■ **Goal of the exercise**
Once you reach the line with "Flaschengarten Milky –", copy it and every line after it exactly, up to the end of the data. Omit the pictures.

■ **Supplied information**
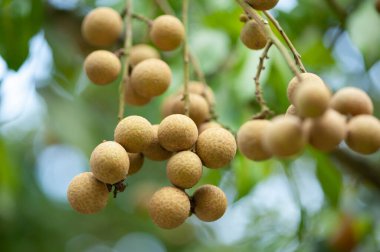 Yazın ağaçta Longan meyvesi yetişiyor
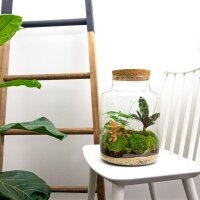 Flaschengarten Milky – DIY-Set Ø 21 cm × H 30 cm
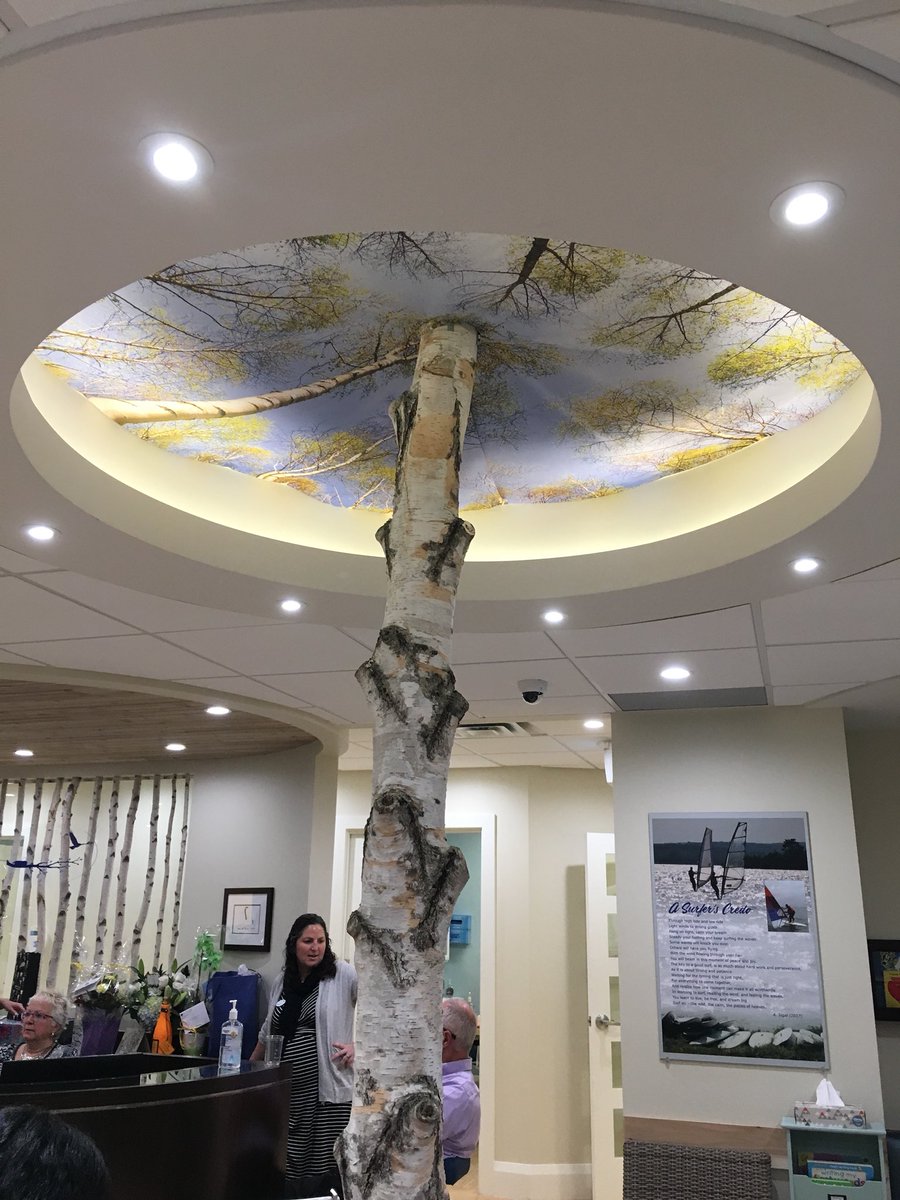 j_akermandesign's tweet photo. Bringing nature indoors promotes well-being and comfort in the reception area of #LittleBirdPediatric Dentistry in #Milton
#nature #outdoorsinside #wellbeing #rejuvenatingenvironment #pediatricofficedesign #dentalofficedesign #ceilingdesign #JeanAkermanDesign https://t.co/AD8wHY2i5v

■ **Solution to this problem**
 Flaschengarten Milky – DIY-Set Ø 21 cm × H 30 cm
 j_akermandesign's tweet photo. Bringing nature indoors promotes well-being and comfort in the reception area of #LittleBirdPediatric Dentistry in #Milton
#nature #outdoorsinside #wellbeing #rejuvenatingenvironment #pediatricofficedesign #dentalofficedesign #ceilingdesign #JeanAkermanDesign https://t.co/AD8wHY2i5v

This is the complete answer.